Sie schaltete den Apparat aus und räumte die immer noch auf dem Boden verstreuten Murmeln in die Holzschachtel, die sie anschließend ins Schlafzimmer zurückbrachte. Natürlich gab es diese aufregenden Momente, die sie wohl mit kaum einem anderen so würde erleben können. Trotzdem überfiel sie, gerade jetzt am Wochenende, immer wieder dieses seltsam hektische und pochende Gefühl, endlich mal etwas anderes tun zu müssen. Und zwar sofort. Buntpapier in Fetzen reißen und auf riesige vorgeleimte Pappen streuen zum Beispiel. Aus so einer Idee war mal eine Performance im Foyer des Gießener Rathauses entstanden. Oder sich als Schwangere mit Lehm einschmieren und abfotografieren. Was Unsinn war, weil man nicht einfach kurz schwanger sein konnte. Oder sich in eine Maschine nach Wisconsin setzen, ganz so wie ein x-beliebiger Schaulustiger. Oder besser noch ein Journalist. Eine Story draus machen. Die Eltern von diesem Douglas aufspüren. Besser noch ihn selbst. Hintergrundinformationen bekommen. Ein paar Fotos machen. Und vielleicht mit ihm schlafen. So wie Diane Arbus mit ihren Modellen. Das waren auch Gnome und FKKler und alles bunt gemischt. Everything is Oooo. Oder dann doch nicht? Außerdem hatte das bestimmt schon längst einer gemacht. Was heißt einer. Alle Zeitungen hatten schon jemanden hingeschickt. Der Rolling Stone Hunter Thompson, und der New Yorker Tom Wolfe. So sah es doch aus. Sie zog sich an und beschloß, zum Bahnhof zu fahren, um sich dann wenigstens die einschlägigen amerikanischen Zeitungen zu besorgen.

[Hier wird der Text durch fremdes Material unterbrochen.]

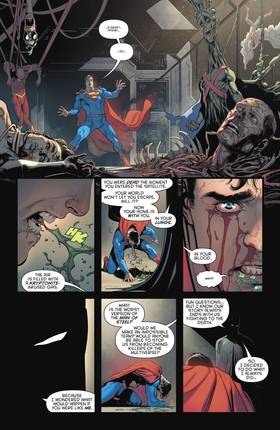Read Batman/Superman (2019-2021)  4 Page 6 in English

Fast genau drei Monate waren seit der völligen Vernichtung seiner Aufzeichnungen vergangen. Und doch hatte Hugo Rhäs bislang nicht den Mut gefunden, einen wirklichen Schlußstrich unter dieses Thema zu ziehen. Nachdem sich der Samstag in einem Zustand des Herumdösens, Träumens und Erinnerns aufgelöst hatte, war er an diesem Julisonntag relativ zeitig aufgestanden und hatte die Blechdose mit dem symbolischen Ascherest seiner Radix-Theorie als Memento mori beim Frühstück vor sich auf den Tisch gestellt.